### Information given
━━━
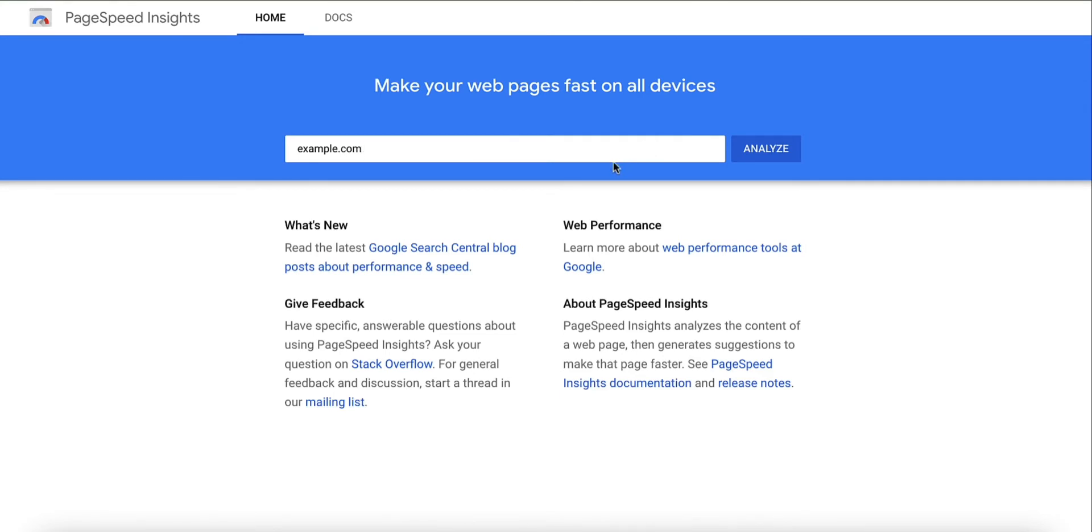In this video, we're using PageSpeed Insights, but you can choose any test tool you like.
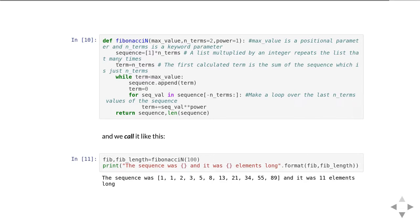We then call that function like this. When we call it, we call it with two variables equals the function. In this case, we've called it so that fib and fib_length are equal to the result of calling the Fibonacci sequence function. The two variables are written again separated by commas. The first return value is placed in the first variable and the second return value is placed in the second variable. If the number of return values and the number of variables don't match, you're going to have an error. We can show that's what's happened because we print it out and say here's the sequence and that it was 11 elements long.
━━━
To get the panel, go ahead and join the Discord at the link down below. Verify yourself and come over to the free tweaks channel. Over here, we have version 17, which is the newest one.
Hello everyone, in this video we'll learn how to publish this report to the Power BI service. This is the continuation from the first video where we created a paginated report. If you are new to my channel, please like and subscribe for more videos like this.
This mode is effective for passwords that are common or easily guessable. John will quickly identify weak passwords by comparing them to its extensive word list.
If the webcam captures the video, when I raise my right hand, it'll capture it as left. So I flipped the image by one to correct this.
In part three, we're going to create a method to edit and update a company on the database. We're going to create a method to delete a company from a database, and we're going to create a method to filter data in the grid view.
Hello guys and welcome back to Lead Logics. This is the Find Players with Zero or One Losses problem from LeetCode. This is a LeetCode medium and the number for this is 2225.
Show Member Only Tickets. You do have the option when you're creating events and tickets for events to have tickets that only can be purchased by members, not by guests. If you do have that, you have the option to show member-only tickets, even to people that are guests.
━━━
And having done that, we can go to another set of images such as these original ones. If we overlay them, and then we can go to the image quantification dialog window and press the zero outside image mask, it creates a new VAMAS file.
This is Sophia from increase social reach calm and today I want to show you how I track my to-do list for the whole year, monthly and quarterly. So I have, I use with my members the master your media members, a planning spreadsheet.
━━━
### What is expected
Here the job is to copy the listing above word for word, starting at the line with "In this video, we're" and ending at the line with "We then call", and to leave out the pictures.

### Solved problem
In this video, we're using PageSpeed Insights, but you can choose any test tool you like.
We then call that function like this. When we call it, we call it with two variables equals the function. In this case, we've called it so that fib and fib_length are equal to the result of calling the Fibonacci sequence function. The two variables are written again separated by commas. The first return value is placed in the first variable and the second return value is placed in the second variable. If the number of return values and the number of variables don't match, you're going to have an error. We can show that's what's happened because we print it out and say here's the sequence and that it was 11 elements long.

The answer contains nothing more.